TASK INPUTS
>>>>>
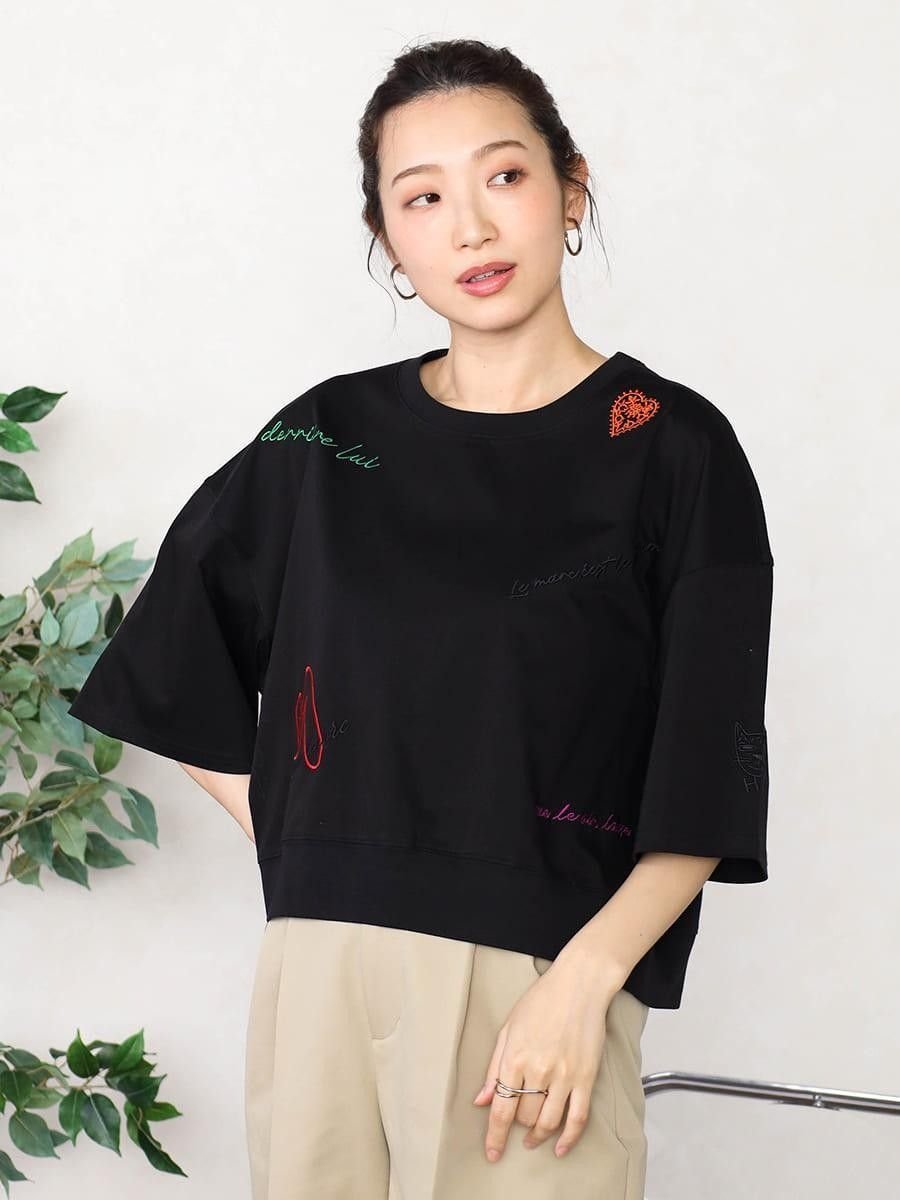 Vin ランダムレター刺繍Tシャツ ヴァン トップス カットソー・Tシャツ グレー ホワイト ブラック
<<<<<
>>>>>
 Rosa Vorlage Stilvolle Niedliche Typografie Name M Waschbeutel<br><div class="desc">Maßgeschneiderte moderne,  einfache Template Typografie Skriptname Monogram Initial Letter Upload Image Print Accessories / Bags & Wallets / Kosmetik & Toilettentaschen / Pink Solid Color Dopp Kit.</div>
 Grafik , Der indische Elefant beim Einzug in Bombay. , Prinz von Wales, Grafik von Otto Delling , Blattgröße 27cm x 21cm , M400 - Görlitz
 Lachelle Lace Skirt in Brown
<<<<<
PROBLEM STATEMENT
Look above for the line holding "Grafik , Der". Print it and every line after it, exactly, through the line holding "Lachelle Lace Skirt in Brown".

SOLUTION TO THIS PROBLEM
 Grafik , Der indische Elefant beim Einzug in Bombay. , Prinz von Wales, Grafik von Otto Delling , Blattgröße 27cm x 21cm , M400 - Görlitz
 Lachelle Lace Skirt in Brown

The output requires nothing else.